Después de la modulación de la forma, realice mediciones DLS. Preste especial atención a las mediciones de PDI en comparación con los polimerosomas espirituales, ya que un cambio en la PDI sugiere un cambio de forma efectivo en los polimerosomas. Utilice los controles adecuados para la obtención de imágenes, especialmente los polimerosomas no modulados por forma para garantizar el éxito del método.

La observación TEM de polímerosomas basados en PEG-PLA indica una estructura esférica general con una línea exterior más gruesa que es indicativa de una membrana. Los polimerosomas se presentan como estructuras físicas y SEM con un cepillo como capa exterior de PEG. Una hora de diálisis en agua condujo al mismo diámetro promedio general con la eliminación de solventes disminuyendo el diámetro del polimersoma.

Cuando se utilizan concentraciones iniciales más grandes de disolvente orgánico, se esperan disminuciones de diámetro más grandes. Al fabricar los polimerosomas PEG-PLA, se esperan cambios modestos en la PDI, lo que puede indicar un cambio en la forma. Al dialización de los polimerosomas PEG-PLGA, que son ligeramente más hidrófobos que los polímeros PEG-PLA contra la sal, el aumento de la PDI es más consistente con el alargamiento con todos los gradientes de sal explorados que conducen a un aumento de la PDI.

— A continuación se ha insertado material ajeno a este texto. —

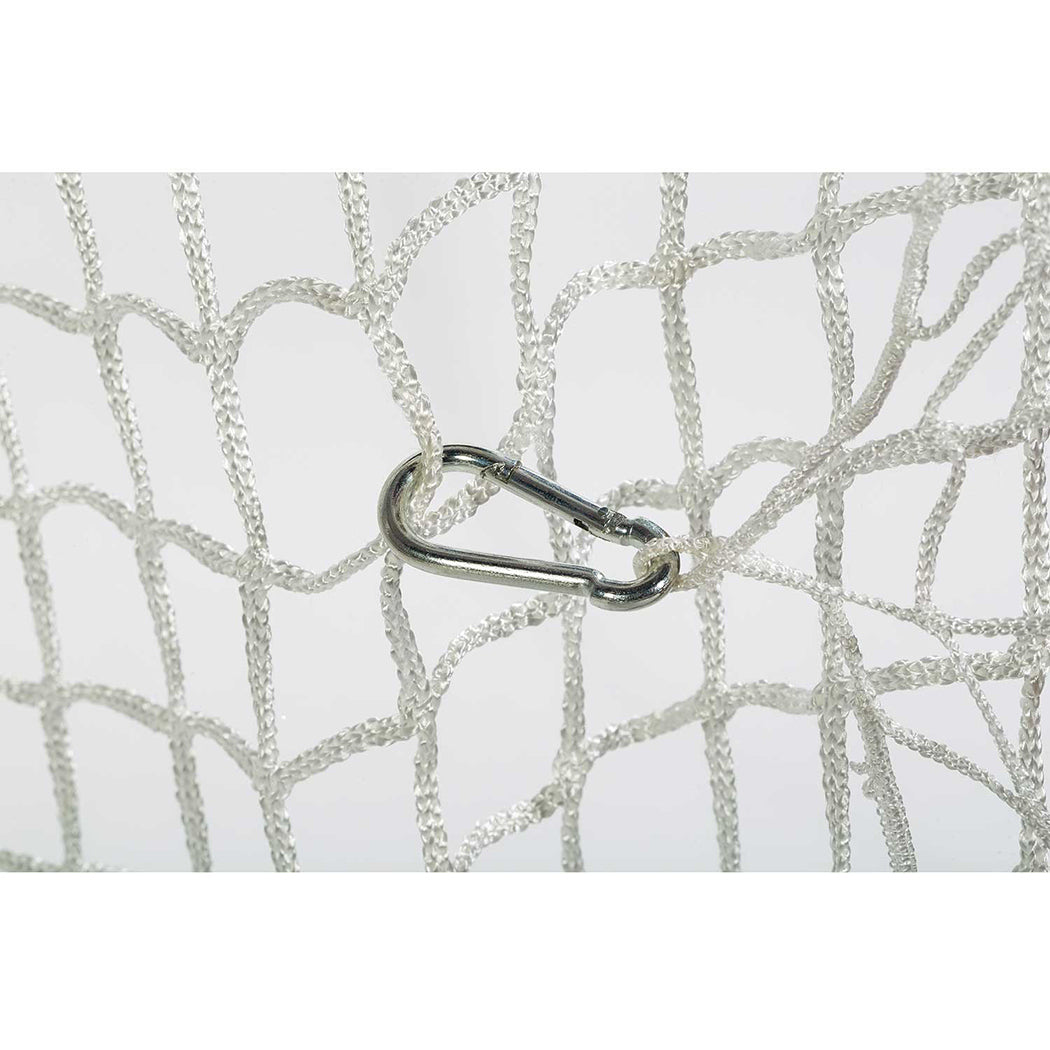 Franklin NHL Fibertech Hockey Goal Backstop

Se deben observar resultados similares cuando se usa un gradiente de sal de 50 milimolares para causar un cambio de forma independientemente de la hidrofobicidad del poliéster. Mientras tanto, los gradientes de sal de cloruro de sodio milimolares de 100 y 200 muestran la tendencia directa de que delta PDI aumenta con el aumento de la hidrofobicidad del poliéster. Las imágenes TEM de polimerosomas PEG-PLA dializadas con 50 millones de cloruro de sodio más bajo se mostraron con estomatocitos y varillas alargadas.

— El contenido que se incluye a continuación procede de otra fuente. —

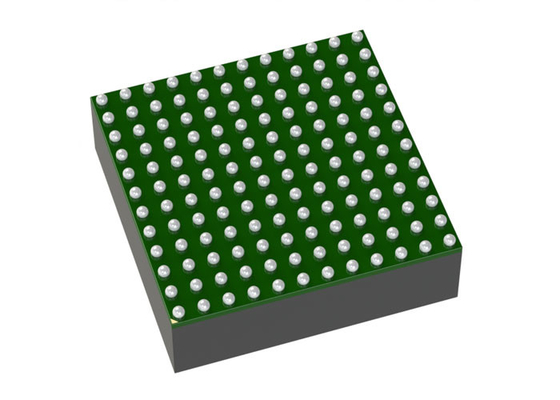 LTM4650IY-1A Integrated Circuit Chip Buck Regulators BGA144 Step Down µModule Regulator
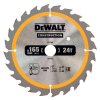 KOTUC PILOVY 165x20mm 24Z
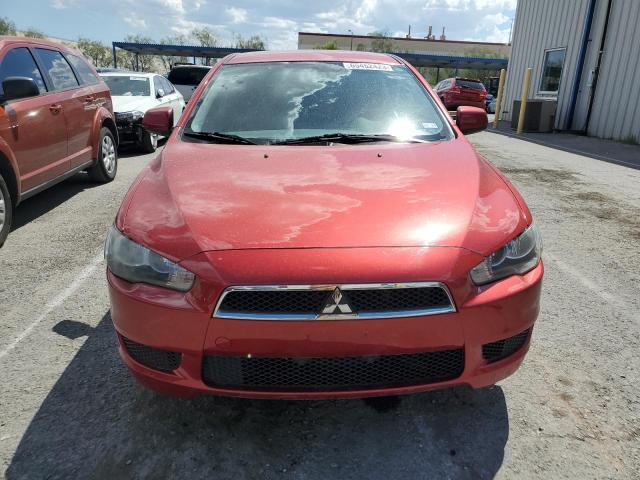 Photo 5 from auction – 2009 MITSUBISHI LANCER ES/ with VIN JA3AU26U69U033555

A medida que la concentración de sal aumentó a 100 milimolares, se observó un mayor número de formación de bastones con un número disminuido de estomatocitos. Diálisis contra polimerosomas 200 milimolares formados de manera más consistente prolatos con proporciones de aspecto modestas. La parte más desafiante de este protocolo es hacer que el polimero sea consistente.

Por lo tanto, es importante practicar el procedimiento.